Syrian President Bashar Assad issued that the major financial crisis that blocked billions of dollars of deposits in Lebanon’s financial sector are the main reason to blame for Syria’s worsening economic crisis.
“It’s the money they put in Lebanese banks that we paid the price for. This is the core of the problem that no one talks about,” Assad said, speaking during a tour of a trade fair broadcast on state media.
Lebanese banks that are battling with the deteriorating Lebanese pound have since last year began tight controls on withdrawals and transfers abroad, drawing outrage from local and foreign depositors who are now unable to access their accounts.
Assad noted that anywhere from $20 billion to $42 billion of Syrian deposits could have been lost in the once-successful banking sector that held over $170 billion in foreign currency deposits.
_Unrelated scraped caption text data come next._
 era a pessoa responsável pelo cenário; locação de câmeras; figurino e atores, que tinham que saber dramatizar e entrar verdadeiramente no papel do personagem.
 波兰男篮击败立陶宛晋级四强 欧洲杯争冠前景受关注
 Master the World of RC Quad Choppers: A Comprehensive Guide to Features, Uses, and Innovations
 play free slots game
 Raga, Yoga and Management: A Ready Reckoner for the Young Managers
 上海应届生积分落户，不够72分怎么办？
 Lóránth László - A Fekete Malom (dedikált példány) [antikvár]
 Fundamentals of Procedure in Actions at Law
“This figure for an economy like Syria is terrifying,” he added
Syrian businessmen have explained their situation with Lebanon’s tight controls on withdrawals, saying that they have locked hundreds of millions of dollars that were once used to import basic goods from oil to commodities into Syria.
According to bankers and businessmen, many Syrian front companies have also long avoided sanctions that the US Treasury has imposed on them by using Lebanon’s banking system to import illegal goods into Syria by land.
Assad further claimed that the current economic crisis of his country is not caused by the Caesar Act, which is the toughest US sanctions yet against Damascus and which came into action last June, but by Lebanon’s banks.
“The crisis began before the Caesar Act and years after the long-imposed Western sanctions… It’s the money in the Lebanese banks that has been lost,” Assad said.
Fact is, the ongoing issue with the Lebanese banks restricting withdrawals of the depositors’ funds started only in 2019 during the early stages of the October 17 revolution, aka years after the onset of Syria’s war plight that has ravaged its country and economy.
Moreover, in his blames against Lebanon, Assad failed to mention its regime’s role in crippling further the economy of Lebanon that has been sheltering for almost a decade over a million Syrian refugees which he has failed to protect.
That’s to add the long open-ended smuggling of Lebanon subsidized essentials into Syria to support his regime at the account of Lebanon’s crippled economy and the increased financial suffering of the Lebanese people.